* [What the task requires] Among the lines below, copy exactly those from the one with "Безжични слушалки Philips" through the one with "Rollin Kirby (American, 1875–1952).", counting both ends.

#####

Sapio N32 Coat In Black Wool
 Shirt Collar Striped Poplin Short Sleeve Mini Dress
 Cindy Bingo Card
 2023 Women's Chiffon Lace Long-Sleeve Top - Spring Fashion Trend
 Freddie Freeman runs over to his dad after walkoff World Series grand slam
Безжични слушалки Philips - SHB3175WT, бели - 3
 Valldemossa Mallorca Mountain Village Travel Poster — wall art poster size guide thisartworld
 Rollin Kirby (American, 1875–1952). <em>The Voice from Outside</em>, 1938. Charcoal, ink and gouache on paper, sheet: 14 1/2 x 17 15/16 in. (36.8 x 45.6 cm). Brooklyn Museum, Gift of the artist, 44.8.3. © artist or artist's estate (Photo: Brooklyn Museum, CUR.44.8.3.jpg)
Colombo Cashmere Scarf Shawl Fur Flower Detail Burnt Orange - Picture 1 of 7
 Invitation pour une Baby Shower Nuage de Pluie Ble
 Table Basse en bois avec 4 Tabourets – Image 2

#####

* [Reply to the task]
Безжични слушалки Philips - SHB3175WT, бели - 3
 Valldemossa Mallorca Mountain Village Travel Poster — wall art poster size guide thisartworld
 Rollin Kirby (American, 1875–1952). <em>The Voice from Outside</em>, 1938. Charcoal, ink and gouache on paper, sheet: 14 1/2 x 17 15/16 in. (36.8 x 45.6 cm). Brooklyn Museum, Gift of the artist, 44.8.3. © artist or artist's estate (Photo: Brooklyn Museum, CUR.44.8.3.jpg)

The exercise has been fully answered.